• _MATERIAL PROVIDED_:
□ □ □ □ □

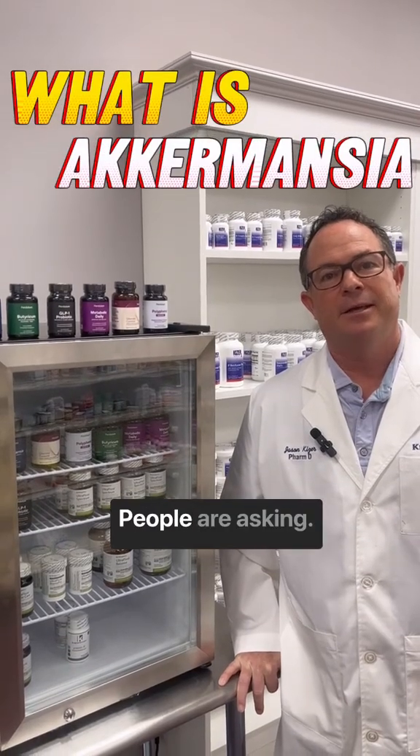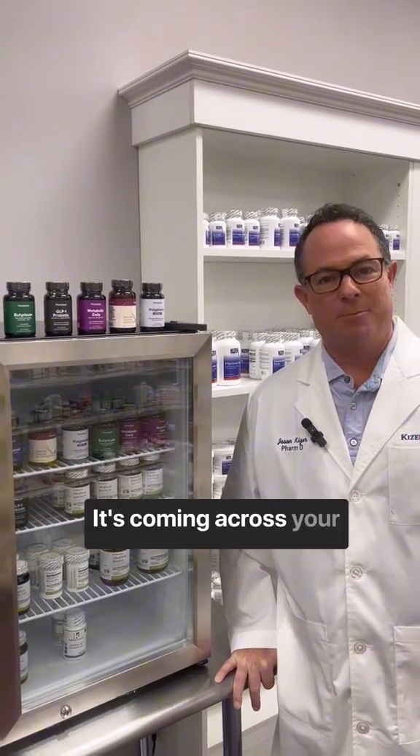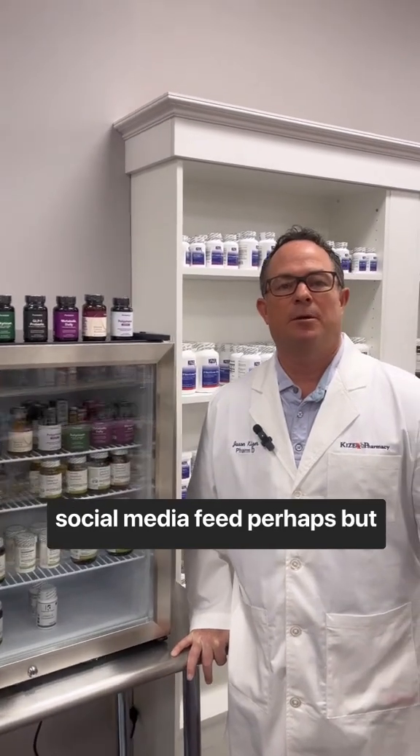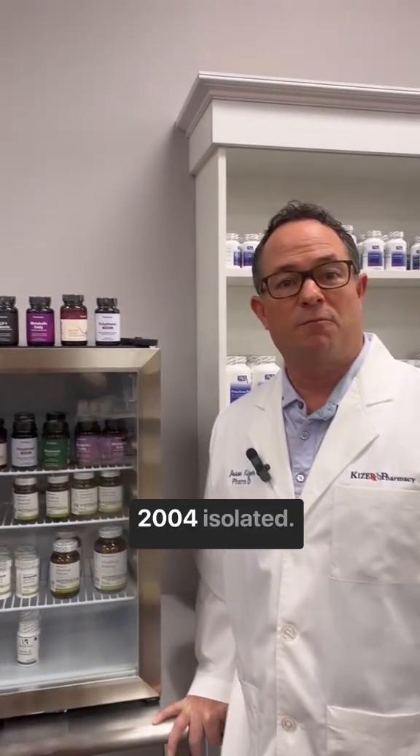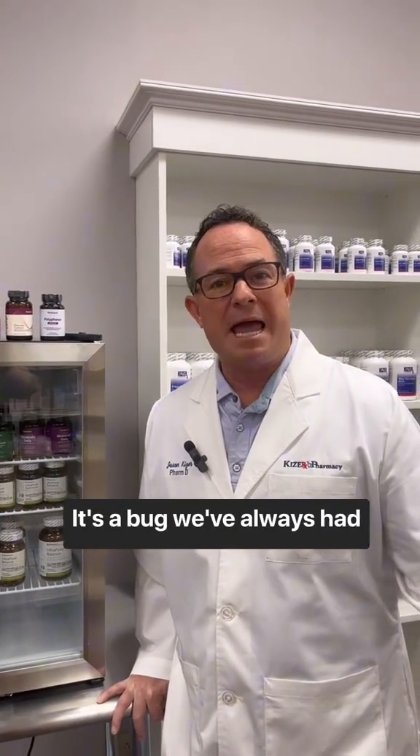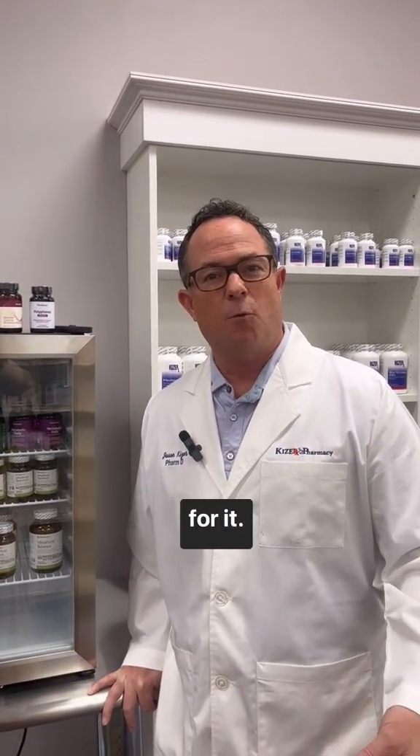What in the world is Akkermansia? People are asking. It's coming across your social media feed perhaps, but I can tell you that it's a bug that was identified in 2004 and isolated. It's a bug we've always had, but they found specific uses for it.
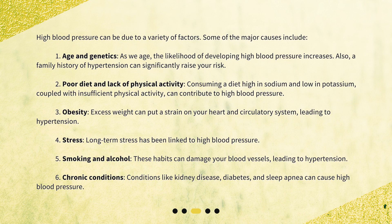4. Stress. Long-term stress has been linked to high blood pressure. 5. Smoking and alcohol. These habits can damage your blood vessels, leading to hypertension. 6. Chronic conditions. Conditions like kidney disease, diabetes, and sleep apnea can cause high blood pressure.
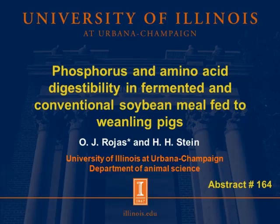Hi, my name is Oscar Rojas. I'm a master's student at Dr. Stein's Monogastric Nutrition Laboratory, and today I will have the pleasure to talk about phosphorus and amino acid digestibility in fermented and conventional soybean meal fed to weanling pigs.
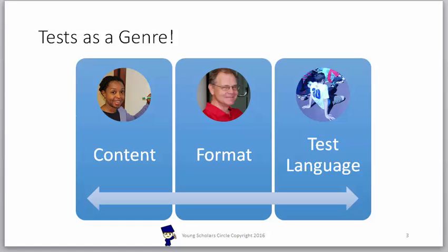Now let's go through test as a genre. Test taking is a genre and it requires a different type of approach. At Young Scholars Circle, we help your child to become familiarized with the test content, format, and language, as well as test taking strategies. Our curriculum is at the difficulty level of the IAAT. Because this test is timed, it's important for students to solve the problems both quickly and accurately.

□ □ □ □ □

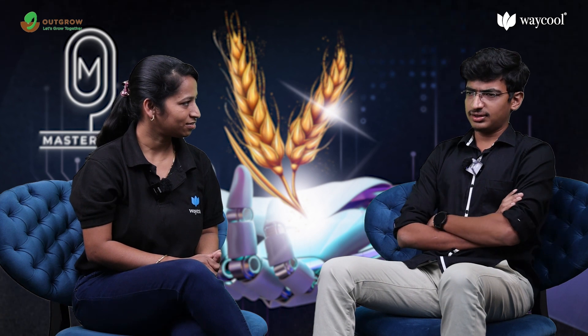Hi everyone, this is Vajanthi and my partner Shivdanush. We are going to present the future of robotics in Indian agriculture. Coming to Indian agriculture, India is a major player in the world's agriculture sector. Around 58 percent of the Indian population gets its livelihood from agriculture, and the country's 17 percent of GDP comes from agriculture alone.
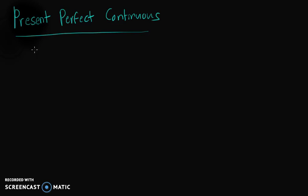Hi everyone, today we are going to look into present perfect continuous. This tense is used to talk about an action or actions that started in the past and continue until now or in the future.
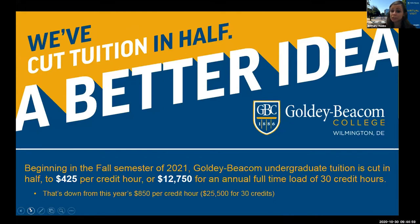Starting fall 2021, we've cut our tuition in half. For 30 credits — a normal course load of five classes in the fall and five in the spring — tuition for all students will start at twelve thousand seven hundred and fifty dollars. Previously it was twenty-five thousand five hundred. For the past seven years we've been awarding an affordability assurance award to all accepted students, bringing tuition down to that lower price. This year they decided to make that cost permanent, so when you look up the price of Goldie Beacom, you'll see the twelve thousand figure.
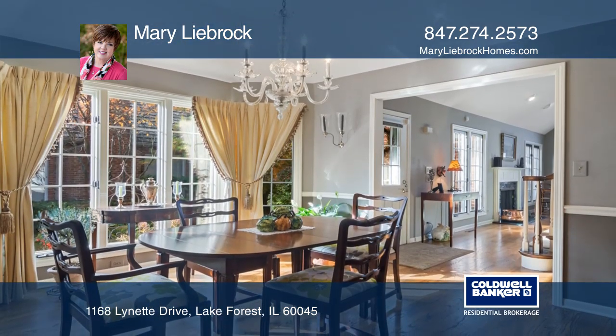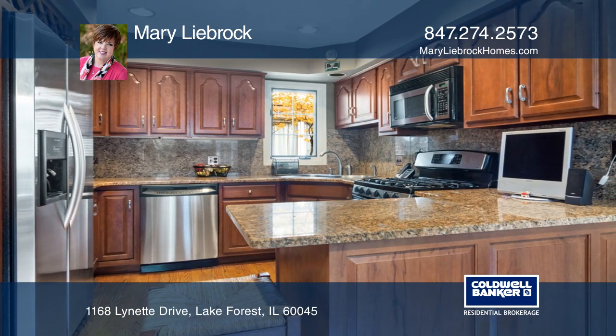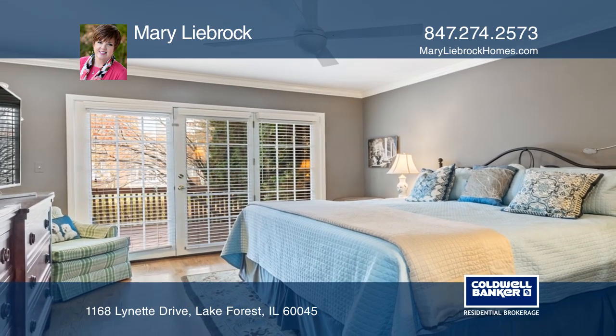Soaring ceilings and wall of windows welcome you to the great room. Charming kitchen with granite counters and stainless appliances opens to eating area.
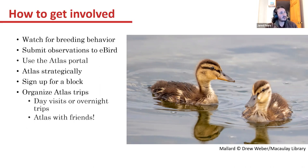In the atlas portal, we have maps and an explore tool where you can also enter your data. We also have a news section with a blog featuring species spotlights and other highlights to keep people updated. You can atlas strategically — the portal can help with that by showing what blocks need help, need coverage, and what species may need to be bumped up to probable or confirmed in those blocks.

□ □ □ □ □

• _EXERCISE OBJECTIVE_: In the data above, the stretch from the line with "What in the" through the line with "Now let's go" is to be returned exactly, minus any pictures.

• _SOLUTION_:
What in the world is Akkermansia? People are asking. It's coming across your social media feed perhaps, but I can tell you that it's a bug that was identified in 2004 and isolated. It's a bug we've always had, but they found specific uses for it.
4. Stress. Long-term stress has been linked to high blood pressure. 5. Smoking and alcohol. These habits can damage your blood vessels, leading to hypertension. 6. Chronic conditions. Conditions like kidney disease, diabetes, and sleep apnea can cause high blood pressure.
Hi, my name is Oscar Rojas. I'm a master's student at Dr. Stein's Monogastric Nutrition Laboratory, and today I will have the pleasure to talk about phosphorus and amino acid digestibility in fermented and conventional soybean meal fed to weanling pigs.
Now let's go through test as a genre. Test taking is a genre and it requires a different type of approach. At Young Scholars Circle, we help your child to become familiarized with the test content, format, and language, as well as test taking strategies. Our curriculum is at the difficulty level of the IAAT. Because this test is timed, it's important for students to solve the problems both quickly and accurately.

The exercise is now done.